Après l'autonomie des universités, l'autonomie dans le secondaire ?

Publié le par Patrice HUIBAN

Le Figaro.fr, le 09-06-2011.

L'UMP veut que les proviseurs recrutent leurs enseignants.

67ffb76c-92c8-11e0-997d-d90c8cee6068.jpgUn cours de Lettes au Lycée Ravel à Paris. Jusqu'à présent, les chefs d'établissement n'ont pas leur mot à dire sur les candidats à l'embauche. Crédits photo : THOMAS COEX/AFP 

 

Actuellement, l'affectation d'un professeur dépend de son ancienneté, de sa situation familiale ou de son lieu d'habitation. 

 

L'UMP a décidé de lancer un pavé dans la mare à l'approche des échéances électorales. Au risque de se mettre à dos les syndicats d'enseignants, elle annonce «la possibilité pour les directeurs d'établissements de recruter eux-mêmes leurs équipes pédagogiques». Ces propositions ont été faites par l'UMP lors d'une convention sur la «justice sociale» organisée mercredi et destinée à alimenter le débat politique en vue de la présidentielle.

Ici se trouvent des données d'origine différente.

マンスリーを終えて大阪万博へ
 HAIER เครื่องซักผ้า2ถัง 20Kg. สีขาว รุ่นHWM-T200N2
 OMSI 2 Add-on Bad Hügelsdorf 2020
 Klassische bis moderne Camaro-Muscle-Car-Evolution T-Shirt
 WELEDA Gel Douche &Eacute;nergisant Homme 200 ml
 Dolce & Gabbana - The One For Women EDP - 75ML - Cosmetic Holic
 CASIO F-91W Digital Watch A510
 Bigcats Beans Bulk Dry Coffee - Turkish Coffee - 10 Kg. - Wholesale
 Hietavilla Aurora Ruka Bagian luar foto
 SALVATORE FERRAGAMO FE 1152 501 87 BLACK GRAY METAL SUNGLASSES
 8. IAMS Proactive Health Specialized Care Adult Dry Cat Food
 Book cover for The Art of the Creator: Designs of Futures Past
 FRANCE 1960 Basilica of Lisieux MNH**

Le recrutement des enseignants par leur chef d'établissement est déjà pratiqué dans l'enseignement privé et l'entourage du chef de l'État y voit certains avantages. «Dans le privé, une équipe adhère au projet d'établissement et se considère coresponsable de la réussite des élèves. Le professeur n'est pas uniquement là pour assurer ses cours. La majorité des enseignants du public s'investissent, mais l'institution ne les invite pas à adopter cette attitude», commente-t-on.

 

L'affectation actuelle d'un enseignant du public dépend d'un barème qui prend en compte, sous forme de points, son ancienneté, sa situation familiale, son concours, son lieu d'habitation, etc. Un établissement de centre-ville «vaut» ainsi particulièrement cher. Le proviseur n'a pas son mot à dire sur le candidat.

 

À l'inverse, dans l'enseignement catholique, les chefs d'établissement publient leurs offres de postes vacants et reçoivent les candidats un à un dans leur bureau lors d'un véritable entretien d'embauche, à condition qu'ils aient réussi un concours de professorat de l'éducation nationale validé par l'enseignement catholique. Le chef classe par ordre prioritaire les gens qui l'intéressent. «Nous avons en partie la main sur le recrutement, mais cela ne se fait pas sans règle», ­précise Catherine Leduc-Claire, déléguée générale du syndicat des chefs d'établissement du privé (SNCEEL). Un enseignant dont l'établissement vient de fermer sera par exemple prioritaire. «Cela permet toutefois d'avoir un type de profil adapté au projet d'établissement que l'on souhaite mener», poursuit-elle. Entre un lycée de centre-ville et un lycée de Seine-Saint-Denis, pour prendre deux cas extrêmes, les projets vont être différents en matière d'accompagnement scolaire.

 

«Déréglementation néolibérale»

 

L'enseignement catholique reconnaît toutefois que les établissements ne sont pas tous attractifs : certains reçoivent plus de vingt candidatures par poste, quand d'autres, en zone rurale et en banlieue, peinent parfois à recruter. «C'est un vrai problème, mais nous avons un ­garde-fou. Chaque enseignant doit remplir une fiche avec plusieurs vœux ce qui permet d'équilibrer les recrutements», affirme-t-on.

 

L'idée de l'UMP n'a pas manqué de soulever l'inquiétude des syndicats d'enseignants. Pour le Snalc, il s'agit d'une «déréglementation d'inspiration néolibérale et anglo-saxonne». Pour Philippe Tournier du syndicat des chefs d'établissement du public (SNPDEN), la question est «idéologique» : «Nous avons déjà une qualité homogène des enseignants grâce aux concours», affirme-t-il.

 

La proposition de l'UMP a déjà été testée cette année dans une centaine d'établissements scolaires en difficulté avec le programme Clair. Ce dernier augmente déjà le rôle des chefs d'établissement dans le recrutement de leurs professeurs, puisque ces derniers ont été recrutés «sur profil». Faudrait-il ouvrir ce nouveau type de recrutement à l'ensemble des établissements ou le cantonner à certains, à l'image du programme Clair ? Rien n'est tranché pour le moment, ni à l'UMP, ni à l'Élysée où l'on juge toutefois le débat «très intéressant».

 

Ces réflexions vont dans le sens de celles proposées par l'Elan Nouveau des Citoyens. En primaire comme dans le secondaire, le chef d'établissement doit devenir un maillon central du système afin de pouvoir animer son équipe et, dans le respect des programmes nationaux, adapter les actions pédagogiques aux réalités du contexte local. Ce regain d'initiatives pourrait, en retour, inspirer les mesures prises par l'administration centrale au regard des bonnes pratiques observées (animation d'une politique de retour d'expériences).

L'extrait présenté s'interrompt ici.